My apologies. It is I who misunderstood you. I now know what you mean. You have a good point, but I think it is for us to discuss the merits of ideas, and for Obsidian to decide their value and priority. Whether or not they are going to decide to somehow get walking into the game should not have any bearing upon whether or not we ask that it be in there if at all possible (reasonably, obviously -- we don't want them to remove a chapter of the story so that resources can be re-allocated for walking animations).
But, yes, in a way, we're asking them to reprioritize, if that is what needs to reasonably happen. In Pillars 1, we all asked for individual stealth. Before the game was actually coded and built, it was planned. So, A, B, and C were in the plan, none of which were individual stealth. Would we have liked for them to have removed something else and put Individual Stealth into the plan? Yes.
Walking is a naturally lower priority than individual stealth, as it does not have as significant of an impact. Yet the point remains.
Well that's a bad example, as there is a great reason why you need an "at ease" stance and it's gameplay based. Simply put, it's a indicator to show you are locked in / out of combat.
Example: A fight goes poorly, your team is getting beat down, you decide to take the better part of valor. How do you know when you have run far enough away that you escaped combat? Easy: Your characters switch to their "at ease" stance.
It's actually quite an apt example. The out-of-combat stance isn't needed. There are numerous other ways in which to quickly and easily indicate that combat is over: music, icons, HUD-change, etc. Honestly, it's easier to indicate that without a visual character-model change than it is to indicate whether or not your character is moving faster/slower than normal without a visual character model/animation change.
Let's say your main character gets slowed by 15%. How easy is it to tell that you happen to be moving 15% slower across the battlefield when he's just doing his joggy animation, but gliding across the screen slightly less speedily? Same goes for a speed boost.
If you were to simply look at the person and see "Oh, they're running" or "Oh, they're blatantly walking," you'd very quickly know what's going on.
As for the whole "People obviously want to move faster than slower," slow-er than what, exactly? Do they want to move infinitely fast? Or is there a certain amount of speed with which they want to move? Ultimately, that question all comes down to one thing: In any given part of a game like this, does a player want to instantly skip out of there, or does a player want to move at a finite speed through the area? Barring "Oh, I just want to go back to town now," I would assume that a reasonable player wants to move at a finite amount of speed through an area. Do they want to move 1 pixel per hour? Of course not. Do they want to move at the speed of sound, though? Of course not. It has to be somewhere in-between. So "faster" doesn't really mean anything.

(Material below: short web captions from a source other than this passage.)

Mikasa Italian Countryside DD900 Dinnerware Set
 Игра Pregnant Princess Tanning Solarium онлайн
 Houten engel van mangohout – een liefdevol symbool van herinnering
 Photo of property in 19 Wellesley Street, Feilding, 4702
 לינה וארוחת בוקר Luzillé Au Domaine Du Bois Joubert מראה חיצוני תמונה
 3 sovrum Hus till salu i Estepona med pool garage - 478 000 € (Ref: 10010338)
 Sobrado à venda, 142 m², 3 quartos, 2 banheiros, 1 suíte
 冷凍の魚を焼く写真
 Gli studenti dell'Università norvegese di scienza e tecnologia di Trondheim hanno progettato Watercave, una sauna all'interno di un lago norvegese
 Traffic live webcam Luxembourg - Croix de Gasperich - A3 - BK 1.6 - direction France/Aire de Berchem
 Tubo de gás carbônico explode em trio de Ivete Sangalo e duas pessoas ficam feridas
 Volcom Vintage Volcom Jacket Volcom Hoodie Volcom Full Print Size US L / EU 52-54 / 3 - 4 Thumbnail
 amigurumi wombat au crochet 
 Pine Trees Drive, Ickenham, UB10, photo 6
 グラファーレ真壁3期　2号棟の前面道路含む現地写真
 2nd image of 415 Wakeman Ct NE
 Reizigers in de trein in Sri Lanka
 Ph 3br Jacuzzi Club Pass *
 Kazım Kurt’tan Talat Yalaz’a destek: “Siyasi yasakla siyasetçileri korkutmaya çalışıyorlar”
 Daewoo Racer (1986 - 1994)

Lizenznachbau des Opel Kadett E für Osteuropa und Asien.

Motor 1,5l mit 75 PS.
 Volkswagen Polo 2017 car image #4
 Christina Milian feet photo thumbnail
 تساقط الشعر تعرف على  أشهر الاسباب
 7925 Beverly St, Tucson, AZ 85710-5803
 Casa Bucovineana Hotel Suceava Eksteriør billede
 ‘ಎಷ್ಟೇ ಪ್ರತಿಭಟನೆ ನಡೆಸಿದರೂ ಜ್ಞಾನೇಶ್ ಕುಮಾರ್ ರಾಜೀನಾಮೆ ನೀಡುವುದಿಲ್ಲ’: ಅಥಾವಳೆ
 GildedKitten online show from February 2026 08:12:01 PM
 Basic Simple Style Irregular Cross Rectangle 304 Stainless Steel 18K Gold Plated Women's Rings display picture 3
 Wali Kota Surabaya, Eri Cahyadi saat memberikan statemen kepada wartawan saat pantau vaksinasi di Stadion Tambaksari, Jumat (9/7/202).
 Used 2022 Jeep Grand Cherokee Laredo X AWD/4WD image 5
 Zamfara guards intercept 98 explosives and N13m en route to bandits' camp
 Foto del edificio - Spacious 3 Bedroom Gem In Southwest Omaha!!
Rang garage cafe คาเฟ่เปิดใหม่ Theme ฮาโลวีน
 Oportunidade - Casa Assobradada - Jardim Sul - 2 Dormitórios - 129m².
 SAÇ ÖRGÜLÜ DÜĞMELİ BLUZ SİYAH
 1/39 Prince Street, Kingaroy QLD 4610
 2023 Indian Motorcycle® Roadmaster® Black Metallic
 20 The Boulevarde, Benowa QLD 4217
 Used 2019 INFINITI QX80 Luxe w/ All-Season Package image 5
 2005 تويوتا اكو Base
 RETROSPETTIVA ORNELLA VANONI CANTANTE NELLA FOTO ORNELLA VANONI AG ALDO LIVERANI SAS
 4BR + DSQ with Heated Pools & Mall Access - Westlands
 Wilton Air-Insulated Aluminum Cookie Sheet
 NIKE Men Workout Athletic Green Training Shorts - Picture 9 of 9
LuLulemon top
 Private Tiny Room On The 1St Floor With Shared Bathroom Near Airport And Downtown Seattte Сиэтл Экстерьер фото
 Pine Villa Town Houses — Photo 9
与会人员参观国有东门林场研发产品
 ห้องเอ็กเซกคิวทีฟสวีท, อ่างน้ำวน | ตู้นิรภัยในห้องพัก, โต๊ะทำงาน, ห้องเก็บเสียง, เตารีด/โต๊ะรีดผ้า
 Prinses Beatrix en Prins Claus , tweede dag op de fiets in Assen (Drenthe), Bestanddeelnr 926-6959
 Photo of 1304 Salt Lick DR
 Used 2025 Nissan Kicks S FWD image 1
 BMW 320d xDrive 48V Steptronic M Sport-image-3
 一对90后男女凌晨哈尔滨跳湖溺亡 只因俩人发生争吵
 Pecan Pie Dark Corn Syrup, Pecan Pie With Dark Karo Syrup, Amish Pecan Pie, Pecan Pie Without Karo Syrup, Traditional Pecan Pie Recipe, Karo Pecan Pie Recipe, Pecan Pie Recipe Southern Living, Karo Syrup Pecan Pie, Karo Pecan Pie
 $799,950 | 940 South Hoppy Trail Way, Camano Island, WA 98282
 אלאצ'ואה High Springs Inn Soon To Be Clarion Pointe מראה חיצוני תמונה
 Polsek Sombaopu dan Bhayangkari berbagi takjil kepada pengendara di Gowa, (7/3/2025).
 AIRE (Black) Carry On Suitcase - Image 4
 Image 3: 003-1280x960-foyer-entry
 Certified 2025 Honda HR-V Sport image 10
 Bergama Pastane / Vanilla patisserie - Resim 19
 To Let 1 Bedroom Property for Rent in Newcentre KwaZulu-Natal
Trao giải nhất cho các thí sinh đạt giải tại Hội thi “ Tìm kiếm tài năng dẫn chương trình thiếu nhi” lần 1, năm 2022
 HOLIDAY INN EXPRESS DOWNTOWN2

And how slowly would you expect physically fit characters to walk? They're not sneaking. They're just walking. People walk for exercise, for crying out loud.
Let's look at it one more way. When you see, say, a Lord of the Rings film, and the party is traveling through the woods, are they constantly sprinting at full-speed? Nope. And when they walk for 20 seconds, then crazy stuff happens, do you stop and think "Man... that took way too long. They really should've been moving a wee bit faster through there, maybe a light jog, so that it only took them TEN seconds to get to the fork in the road where they were beset by orcs or some dialogue took place"? Most likely not.
The rate at which a player becomes bored watching his characters move through an area has a lot more to do with the pacing of the area and dialogue exposition, etc., than it does with how fast the characters are traveling. And instantly intuitive visual cues of "Oh, my characters are hiking through this tough terrain" or "Oh, my characters are charging into battle like there's no tomorrow" would be plentily valuable, objectively so. Going back to what Baltic was getting at... am I to decide it's relatively MORE important than any of the other stuff they have planned? Of course not. That's not for me to decide. But, is it a pointless request/topic for discussion? Hardly. Nor was my example a bad one for its goal.
Oh, and @gogocactus: Thanks. . I missed you guys, too. I finally have computer time on a regular basis once more, so I figured I'd drop in on some high-quality discussification.
Edited by Lephys, 12 September 2017 - 11:31 AM.